▶ [What the exercise asks] Nothing but a verbatim copy of the data, minus the images, should be returned.

▶ [Given information]
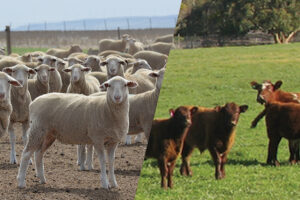 Compass Feeds | Sheep & Cattle | Grain Feeding | Bacetrace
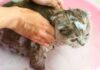 Should You Bathe Your Cat with Human Shampoo?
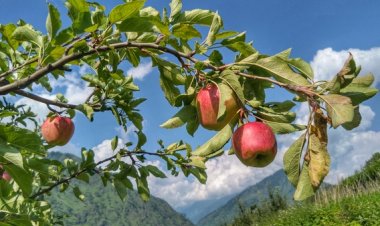 उत्तराखंड में सेब किसानों का संकट, मुआवजे से मुकर गई बीमा कंपनी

▶ [Result for this exercise]
 Compass Feeds | Sheep & Cattle | Grain Feeding | Bacetrace
 Should You Bathe Your Cat with Human Shampoo?
 उत्तराखंड में सेब किसानों का संकट, मुआवजे से मुकर गई बीमा कंपनी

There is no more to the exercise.